[Task input — start]
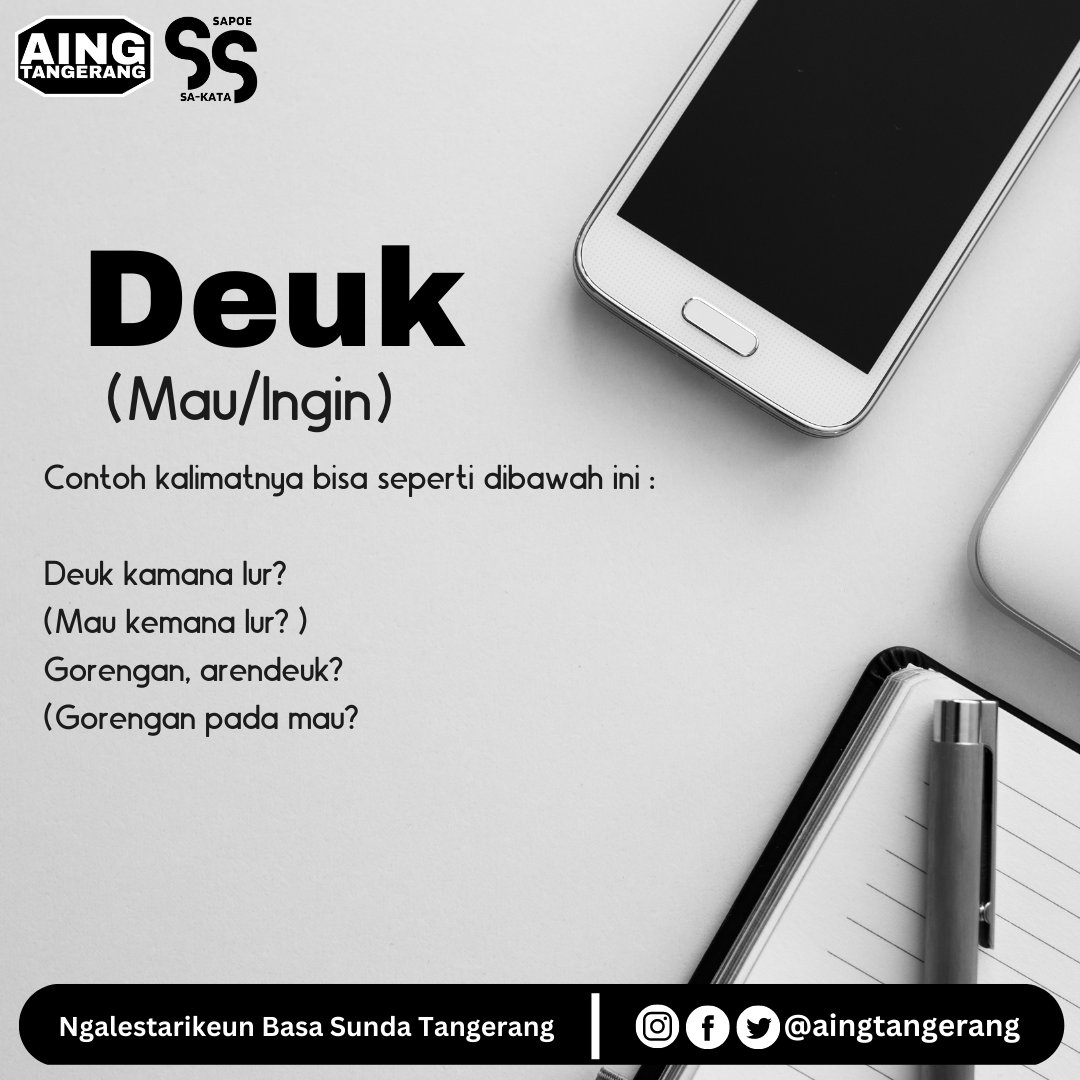Aya nu deuk mere conto kalimat anu sejen lur? 

Poe ieu bagean huruf 'D'
Isuk deui bagean huruf 'E' aya nu deuk mere saran kata naon? 

#aingtangerang #sapoesakata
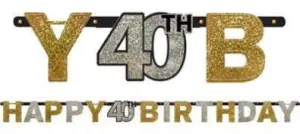 Sparkling Celebration 40th Birthday Letter Banner | 1 ct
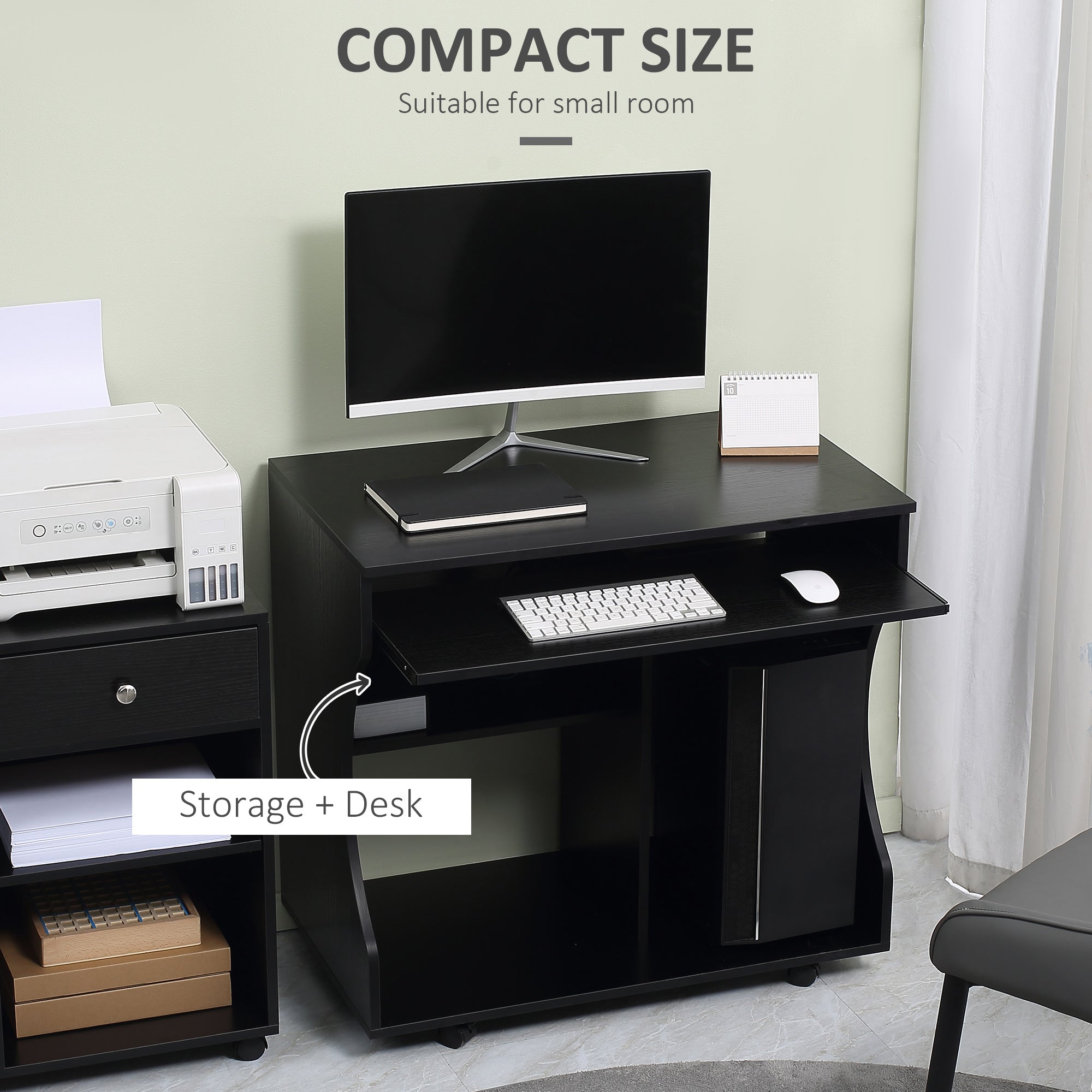HOMCOM Multi-Storage Compact Work Desk, with Wheels - Black - North Peak Garden Furniture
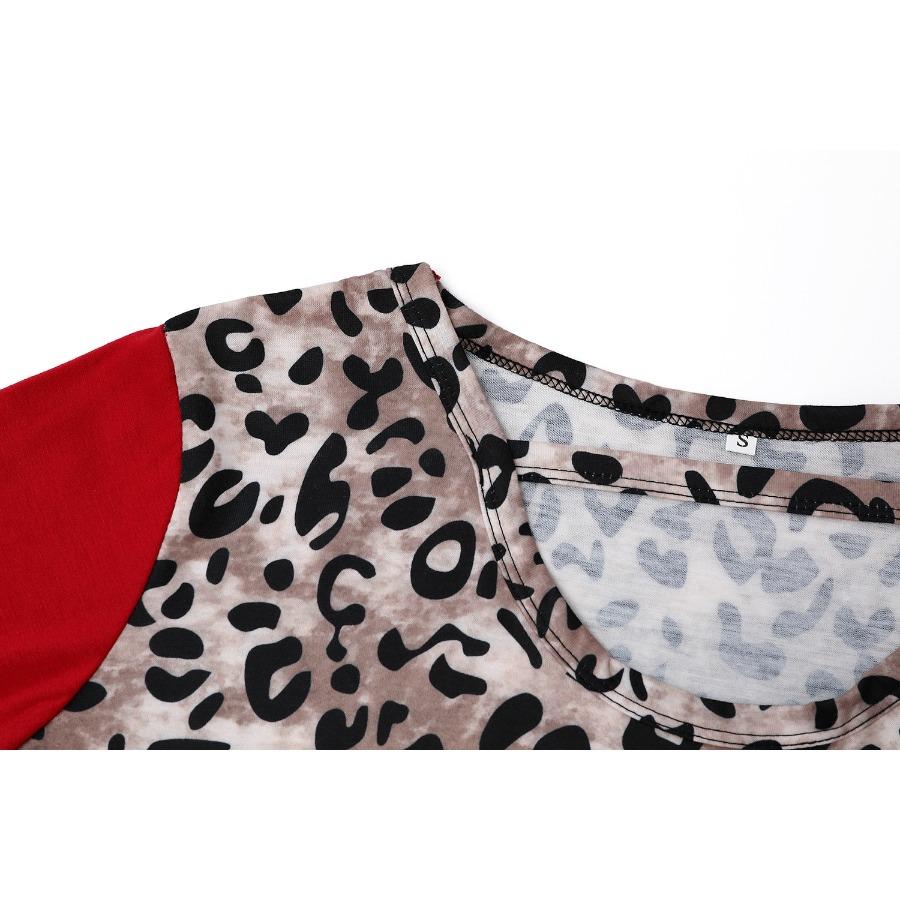 Осенне-зимняя женская футболка с круглым вырезом и леопардовым узором, свободный топ с длинными рукавами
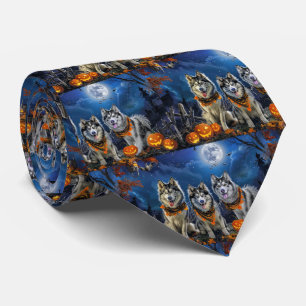Alaskan Malamute Halloween Spooky Neck Tie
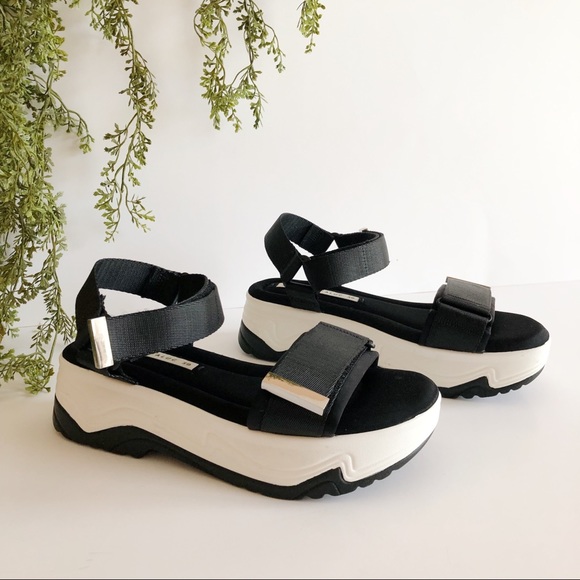 platform sandals black straps
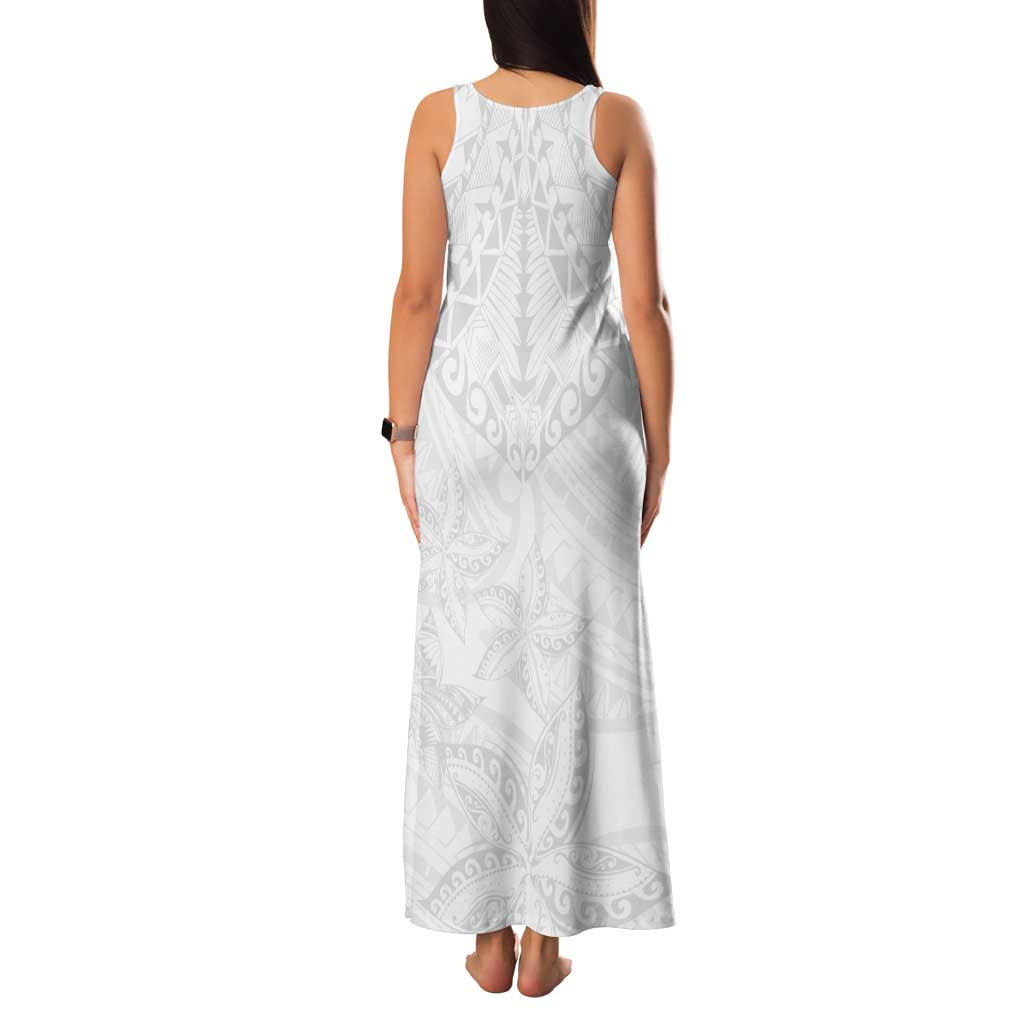 American Samoa White Sunday Family Matching Tank Maxi Dress and Hawaiian Shirt Lotu Tamaiti Plumeria With Samoan Pattern LT14 - Polynesian Pride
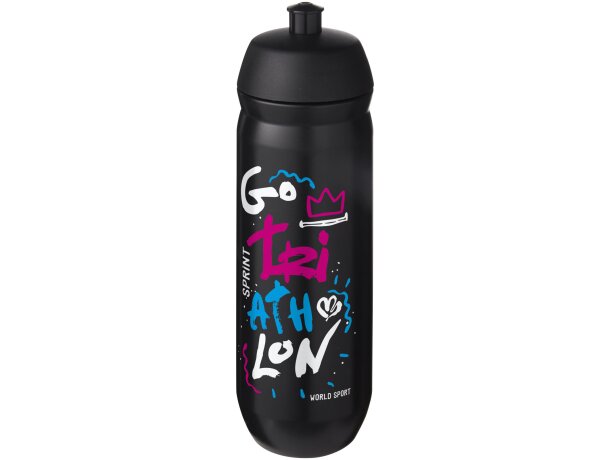 Bidón deportivo de 750 ml &quot;HydroFlex&quot; personalizado negro intenso/negro intenso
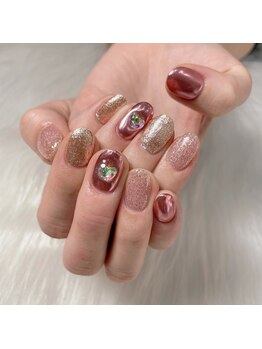 バブラブ/ミラーネイル×フラッシュネイル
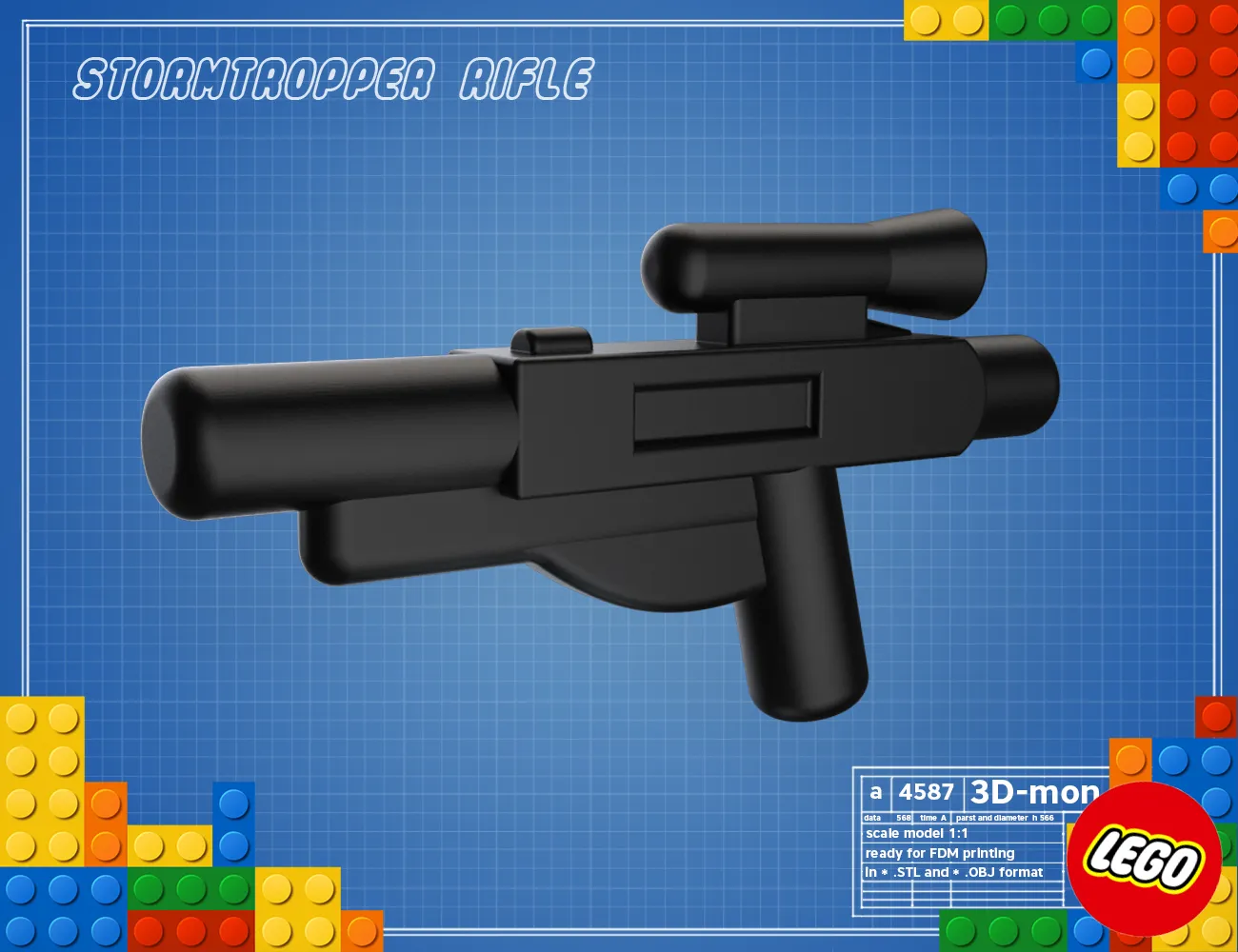 Rifle Stormtrooper LEGO Star Wars chi tiết in 3D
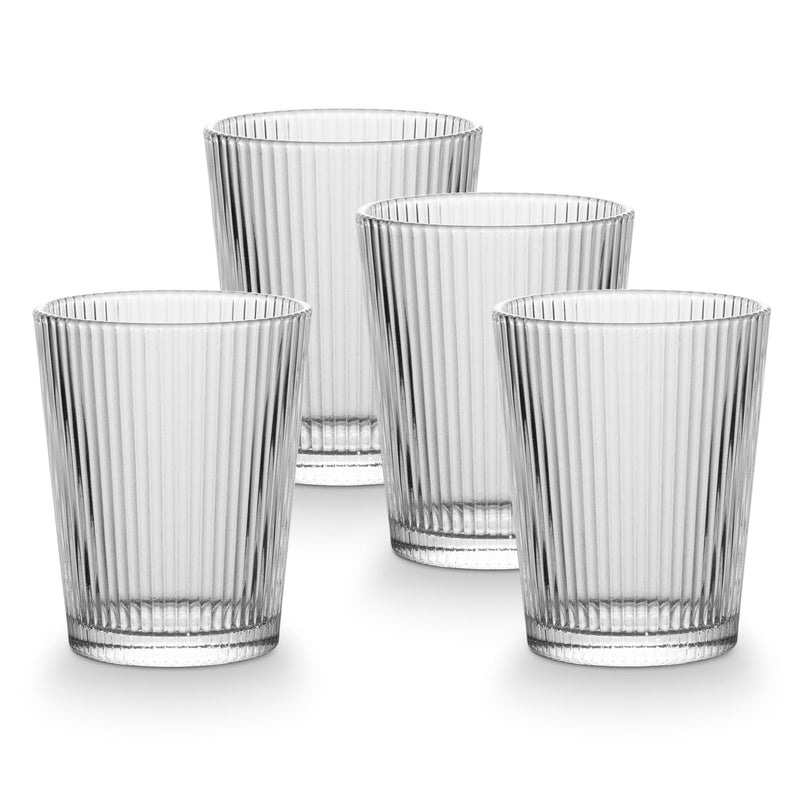 CANVAS Ribbed DOF Dinner Glass Set, Lead-free, 4-pc I7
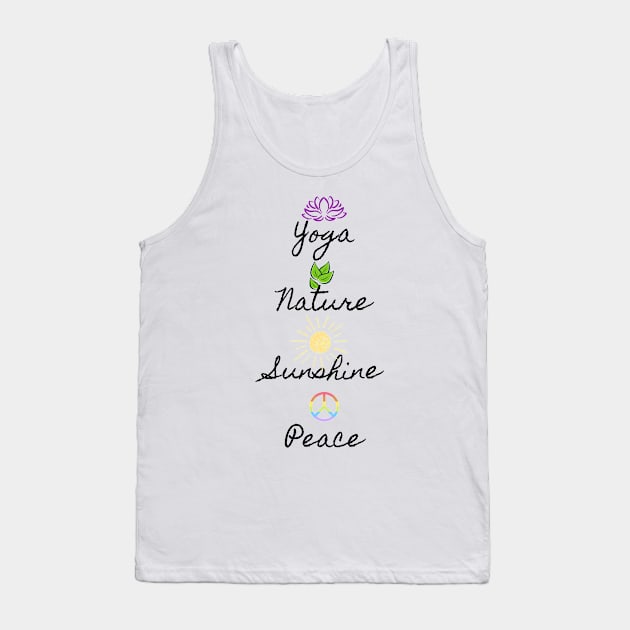 Yoga, Nature, Sunshine, Peace Tank Top by Design Studio by Kat OM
[Task input — finish]
__Your objective__.
Lines that contain "huruf" are the result; find them in the entries above and copy each one.

__Answer for this exercise__.
Poe ieu bagean huruf 'D'
Isuk deui bagean huruf 'E' aya nu deuk mere saran kata naon? 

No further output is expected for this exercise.